Planning for Texas Wildfires: Be Prepared

Like many others, we prepped an “emergency kit” in the aftermath of 9/11, which has sat unused all these years. San Antonio experiences very few natural disasters…no tornadoes or earthquakes, and even hurricanes have spent their fury before they arrive here. But we can’t avoid wildfires any more than anyone else in this worst-ever drought. This afternoon, a wildfire in Camp Bullis (15 miles away, pictured) forced evacuations in Fair Oaks Ranch. We could see the smoke for miles and occasionally caught a whiff of burning grass.

The recently opened Hardberger Park abuts our neighborhood on two sides. If some moron tosses a cigarette butt while walking along the hiking trails, the police will start ringing doorbells in our neighborhood first.

Bruce asked last night (as we watched the Bastrop photos in horror), “What would we take if they told us, ‘You have one hour to get out’?” Given my terror of fire, I want…no, need… to plan this out before that moment comes, because I’ll be a basketcase if it happens.

We made a “primary” list (“you have an hour to pack up”) and a secondary one (“you better start getting ready”). Due to privacy concerns, I won’t post the lists but the Texas AgriLife Extension Service has a comprehensive list for a “grab and go” box.

Some other suggestions:

  • Make your own personal list ahead of time. If the doorbell rings, you don’t want to flail about figuring out what to take and what to leave.

  • If you have pets, make sure to grab their food and medications. You’ll also need a crate if you plan to stay in a hotel.

  • Keep your gas tank at least half-full so you don’t waste time at the filling station.

  • Figure out where you’ll go ahead of time. Keep in mind that nearby hotels a) may not be far enough away and b) will fill more quickly.

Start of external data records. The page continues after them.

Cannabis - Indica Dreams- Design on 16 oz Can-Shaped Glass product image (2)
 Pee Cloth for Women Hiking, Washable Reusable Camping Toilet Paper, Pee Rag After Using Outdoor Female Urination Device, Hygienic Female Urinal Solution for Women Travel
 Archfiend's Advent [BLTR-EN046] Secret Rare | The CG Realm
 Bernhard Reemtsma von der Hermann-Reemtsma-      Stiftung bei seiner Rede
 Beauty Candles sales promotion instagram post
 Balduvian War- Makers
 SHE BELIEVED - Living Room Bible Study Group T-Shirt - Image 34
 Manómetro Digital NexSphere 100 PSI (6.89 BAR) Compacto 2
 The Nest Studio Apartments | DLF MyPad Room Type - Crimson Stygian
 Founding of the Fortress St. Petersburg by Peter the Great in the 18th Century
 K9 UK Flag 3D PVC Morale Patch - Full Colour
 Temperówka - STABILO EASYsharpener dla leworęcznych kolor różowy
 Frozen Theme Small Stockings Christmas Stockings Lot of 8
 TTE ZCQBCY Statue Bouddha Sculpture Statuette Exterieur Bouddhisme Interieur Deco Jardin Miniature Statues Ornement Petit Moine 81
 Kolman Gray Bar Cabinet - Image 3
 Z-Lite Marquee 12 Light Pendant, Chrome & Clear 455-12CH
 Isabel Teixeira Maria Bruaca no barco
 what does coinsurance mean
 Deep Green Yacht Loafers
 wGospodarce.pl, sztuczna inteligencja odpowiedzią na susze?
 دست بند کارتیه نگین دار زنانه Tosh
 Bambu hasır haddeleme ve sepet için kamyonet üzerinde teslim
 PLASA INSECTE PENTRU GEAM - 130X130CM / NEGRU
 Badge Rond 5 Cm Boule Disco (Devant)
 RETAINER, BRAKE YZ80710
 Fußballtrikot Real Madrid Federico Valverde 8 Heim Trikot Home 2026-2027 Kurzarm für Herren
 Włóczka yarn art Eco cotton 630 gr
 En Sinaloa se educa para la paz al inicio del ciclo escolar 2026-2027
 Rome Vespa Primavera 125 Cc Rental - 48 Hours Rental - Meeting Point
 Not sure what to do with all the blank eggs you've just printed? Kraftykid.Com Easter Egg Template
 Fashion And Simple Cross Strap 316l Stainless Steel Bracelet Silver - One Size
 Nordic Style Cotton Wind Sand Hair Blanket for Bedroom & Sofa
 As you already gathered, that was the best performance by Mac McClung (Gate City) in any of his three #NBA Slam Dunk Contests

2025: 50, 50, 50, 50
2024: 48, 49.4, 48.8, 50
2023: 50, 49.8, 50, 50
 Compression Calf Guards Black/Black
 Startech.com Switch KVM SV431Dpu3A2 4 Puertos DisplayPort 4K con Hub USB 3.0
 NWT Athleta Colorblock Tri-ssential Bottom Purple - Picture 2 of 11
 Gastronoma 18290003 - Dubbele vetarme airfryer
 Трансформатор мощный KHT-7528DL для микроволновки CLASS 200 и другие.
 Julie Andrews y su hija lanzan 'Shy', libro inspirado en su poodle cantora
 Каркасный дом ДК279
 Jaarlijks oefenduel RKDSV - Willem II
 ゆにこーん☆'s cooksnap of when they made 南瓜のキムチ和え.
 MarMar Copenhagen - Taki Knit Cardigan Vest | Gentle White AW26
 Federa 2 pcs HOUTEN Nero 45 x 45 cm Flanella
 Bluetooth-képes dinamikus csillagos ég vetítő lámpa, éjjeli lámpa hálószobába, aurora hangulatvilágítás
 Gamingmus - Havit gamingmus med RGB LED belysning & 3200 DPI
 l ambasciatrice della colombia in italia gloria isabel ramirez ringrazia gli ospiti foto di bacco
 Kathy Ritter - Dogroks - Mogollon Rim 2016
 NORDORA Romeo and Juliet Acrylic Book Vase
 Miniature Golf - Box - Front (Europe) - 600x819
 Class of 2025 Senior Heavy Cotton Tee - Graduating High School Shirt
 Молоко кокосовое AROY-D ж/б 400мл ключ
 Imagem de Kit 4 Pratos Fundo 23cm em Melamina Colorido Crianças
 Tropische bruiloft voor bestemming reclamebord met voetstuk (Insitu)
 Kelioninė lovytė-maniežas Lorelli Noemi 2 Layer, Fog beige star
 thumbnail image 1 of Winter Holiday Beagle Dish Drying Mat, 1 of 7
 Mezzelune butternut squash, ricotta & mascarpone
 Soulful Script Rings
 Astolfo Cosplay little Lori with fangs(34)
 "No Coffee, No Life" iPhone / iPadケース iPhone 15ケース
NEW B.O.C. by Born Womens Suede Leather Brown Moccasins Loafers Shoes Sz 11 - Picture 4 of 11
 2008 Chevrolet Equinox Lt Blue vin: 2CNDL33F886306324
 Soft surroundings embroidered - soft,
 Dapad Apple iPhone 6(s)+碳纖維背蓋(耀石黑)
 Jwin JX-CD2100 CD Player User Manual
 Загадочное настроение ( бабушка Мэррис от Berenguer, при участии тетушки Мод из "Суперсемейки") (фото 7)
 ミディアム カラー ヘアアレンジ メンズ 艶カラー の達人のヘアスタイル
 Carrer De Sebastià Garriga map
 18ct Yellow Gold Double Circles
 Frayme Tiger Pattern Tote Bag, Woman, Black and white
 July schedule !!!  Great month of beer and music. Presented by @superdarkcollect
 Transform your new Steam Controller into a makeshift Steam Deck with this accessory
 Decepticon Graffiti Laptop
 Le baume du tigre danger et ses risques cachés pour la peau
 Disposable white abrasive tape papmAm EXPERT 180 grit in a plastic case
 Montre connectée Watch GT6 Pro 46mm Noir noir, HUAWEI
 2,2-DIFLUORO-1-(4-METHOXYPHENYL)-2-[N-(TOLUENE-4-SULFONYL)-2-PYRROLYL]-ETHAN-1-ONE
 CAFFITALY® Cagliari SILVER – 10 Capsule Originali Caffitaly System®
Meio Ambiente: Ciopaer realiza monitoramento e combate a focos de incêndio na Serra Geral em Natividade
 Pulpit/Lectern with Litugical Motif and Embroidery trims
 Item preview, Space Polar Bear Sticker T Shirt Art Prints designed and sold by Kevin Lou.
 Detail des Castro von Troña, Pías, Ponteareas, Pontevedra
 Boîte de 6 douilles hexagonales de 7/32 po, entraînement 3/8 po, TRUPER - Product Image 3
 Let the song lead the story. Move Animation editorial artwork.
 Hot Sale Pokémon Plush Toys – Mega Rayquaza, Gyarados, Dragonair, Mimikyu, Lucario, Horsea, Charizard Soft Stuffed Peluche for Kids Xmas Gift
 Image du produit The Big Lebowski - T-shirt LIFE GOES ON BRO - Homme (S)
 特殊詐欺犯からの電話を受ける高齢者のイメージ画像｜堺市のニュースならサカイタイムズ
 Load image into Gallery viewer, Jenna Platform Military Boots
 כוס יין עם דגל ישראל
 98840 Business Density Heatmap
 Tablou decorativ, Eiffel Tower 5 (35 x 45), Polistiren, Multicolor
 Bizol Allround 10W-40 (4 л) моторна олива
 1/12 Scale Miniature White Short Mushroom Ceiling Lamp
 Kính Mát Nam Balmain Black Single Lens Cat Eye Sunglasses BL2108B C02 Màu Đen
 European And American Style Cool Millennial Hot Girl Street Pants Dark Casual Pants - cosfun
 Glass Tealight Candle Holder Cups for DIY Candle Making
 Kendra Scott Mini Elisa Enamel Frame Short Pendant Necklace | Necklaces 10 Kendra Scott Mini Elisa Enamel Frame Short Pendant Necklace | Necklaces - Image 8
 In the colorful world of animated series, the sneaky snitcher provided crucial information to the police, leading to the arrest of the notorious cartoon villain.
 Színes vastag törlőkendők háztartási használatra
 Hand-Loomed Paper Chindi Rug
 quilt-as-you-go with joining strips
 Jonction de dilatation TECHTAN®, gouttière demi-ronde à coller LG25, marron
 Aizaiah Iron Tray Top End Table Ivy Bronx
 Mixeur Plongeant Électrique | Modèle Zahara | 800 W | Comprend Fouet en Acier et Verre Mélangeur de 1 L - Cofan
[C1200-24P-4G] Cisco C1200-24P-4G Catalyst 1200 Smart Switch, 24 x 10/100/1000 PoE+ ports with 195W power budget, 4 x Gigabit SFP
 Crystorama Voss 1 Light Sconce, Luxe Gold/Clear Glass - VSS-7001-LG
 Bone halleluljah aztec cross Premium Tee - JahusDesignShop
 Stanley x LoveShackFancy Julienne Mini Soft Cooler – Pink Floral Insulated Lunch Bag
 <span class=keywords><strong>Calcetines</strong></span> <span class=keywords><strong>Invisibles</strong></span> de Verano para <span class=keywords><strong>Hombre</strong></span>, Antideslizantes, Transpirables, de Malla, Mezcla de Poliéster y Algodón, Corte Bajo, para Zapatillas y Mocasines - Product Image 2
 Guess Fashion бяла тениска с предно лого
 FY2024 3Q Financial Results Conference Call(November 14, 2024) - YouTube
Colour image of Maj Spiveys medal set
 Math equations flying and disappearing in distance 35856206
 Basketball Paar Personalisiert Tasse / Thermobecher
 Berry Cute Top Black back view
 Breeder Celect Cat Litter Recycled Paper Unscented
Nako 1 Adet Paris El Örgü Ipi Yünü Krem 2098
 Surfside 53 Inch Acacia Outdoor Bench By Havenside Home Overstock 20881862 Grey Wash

  • Clear the outside of your home of combustible materials. If you have plywood, firewood, dead plants, or other flammables, throw them out.

The FEMA website also provides some excellent suggestions.

We’re all naturally inclined to think, “It can’t happen to me.” But with friends in the just-evacuated (and now safe) Fair Oaks Ranch and another friend with a fire-damaged home in Austin, I know that attitude is foolish. I plan to be prepared.